Transportation advocates are revving up their efforts to improve the southern part of the borough’s access to public transportation.
Elected officials and community leaders called on Mayor Bill de Blasio last week to make ferry service to the Rockaway peninsula a permanent endeavor before it expires in October. Those same advocates also took to a state Assembly hearing last week to advocate for the revitalization of the Rockaway Beach Rail Line.
Queens Borough President Melinda Katz joined with state Assemblyman Phil Goldfeder (D-Rockaway Park) last week in calling on both de Blasio and the Port Authority of New York and New Jersey to make the Rockaway ferry service permanent. Both cited overwhelming support from the southern Queens community and argued it would spur economic growth in that part of the borough.
This week, Goldfeder spoke alongside constituents at an Assembly hearing for the Committee on Corporations, Authorities and Commissions to discuss the Metropolitan Transportation Authority’s 2015-2019 Capital Program, delivering five hours of testimony for an improved transit system.
“I made it clear to the MTA that transportation is key to our Sandy recovery and success,” Goldfeder said, citing the horrific superstorm that swept through the northeast in 2012. “In addition to improving the terrible service on the A train, the MTA must remove the toll on the Cross Bay Bridge for every Queens resident, increase bus service and restore the Rockaway Beach Rail Line.”
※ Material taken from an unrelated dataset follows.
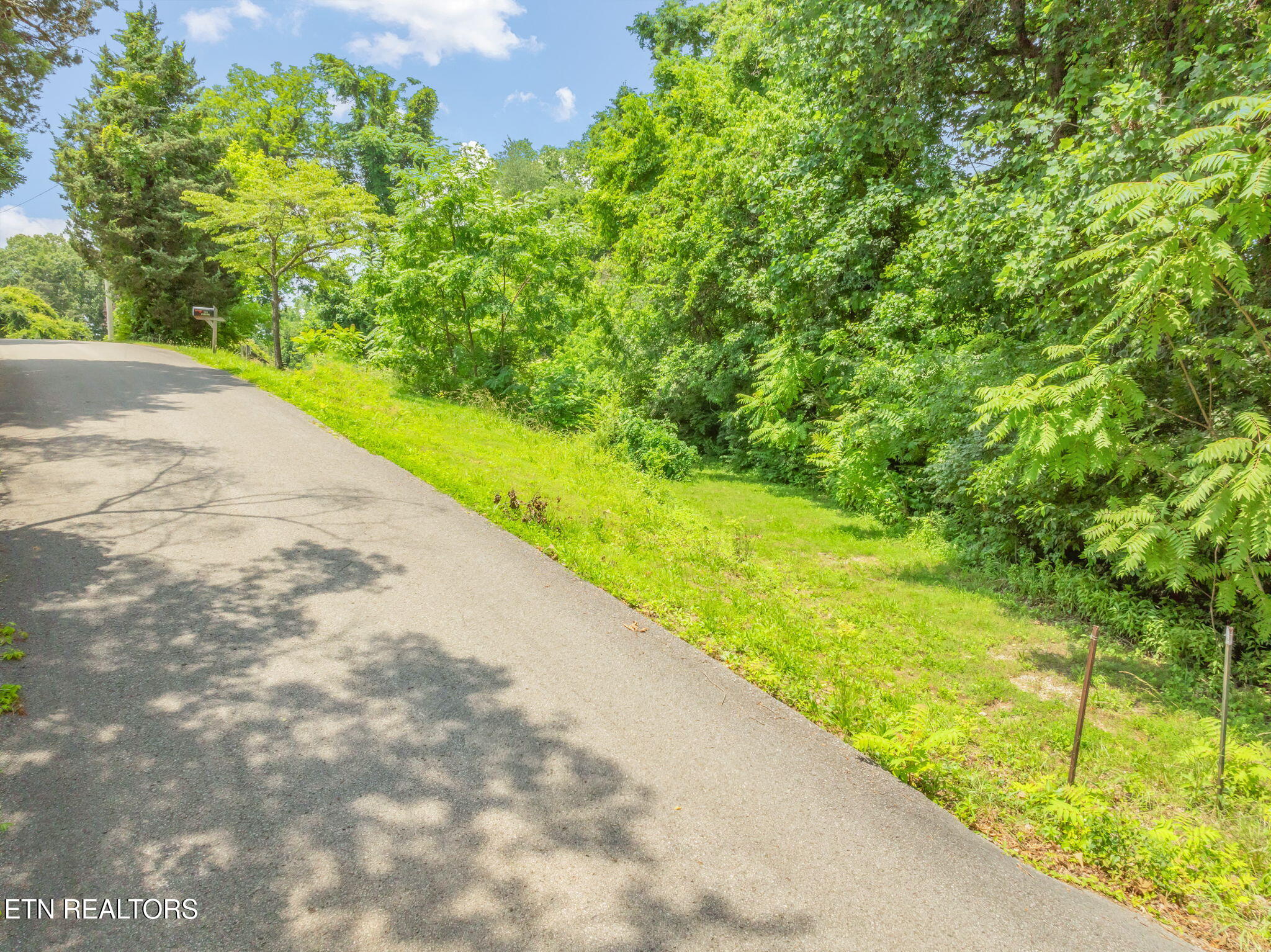 261 Harding Road Harriman TN 37748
Earlier this summer, the MTA included the revitalization of the abandoned Rockaway Beach Rail Line in its 20-year Capital Needs Assessment Report, which Goldfeder and other transportation advocates applauded. Residents throughout the southern part of Queens have repeatedly argued that bringing back the railway would allow for quicker commutes to Manhattan from Queens while giving a boost to the city economy.
“It’s so easy for the MTA to ignore small communities,” said John Rozankowski of the Queens Public Transit Committee. “Northern Queens is bustling with economic activity, however, this growth cannot reach southern Queens because of Forest Park. There is only one possible channel: the Rockaway line. Reactivation would mean small businesses taking over abandoned and foreclosed homes providing local jobs and also giving southern residents equal opportunity to compete for jobs in the north.”
Another transit upgrade that Goldfeder plugged included the removal of tolls for Queens residents traveling along the Cross Bay Bridge. In his testimony, the assemblyman said residents of Ozone Park and Howard Beach should especially be exempt from the toll in order to encourage travel and economic growth for the southern part of the borough.
“In the immediate aftermath of Sandy, we experienced firsthand the detrimental impact that the lack of public transit has on our families – in order to plan for our future growth, we must invest in vital transit infrastructure now,” he said. “There is no debate, improving current subway lines, increasing service and investing in projects like the Rockaway Beach Rail Line will benefit every resident of New York City.”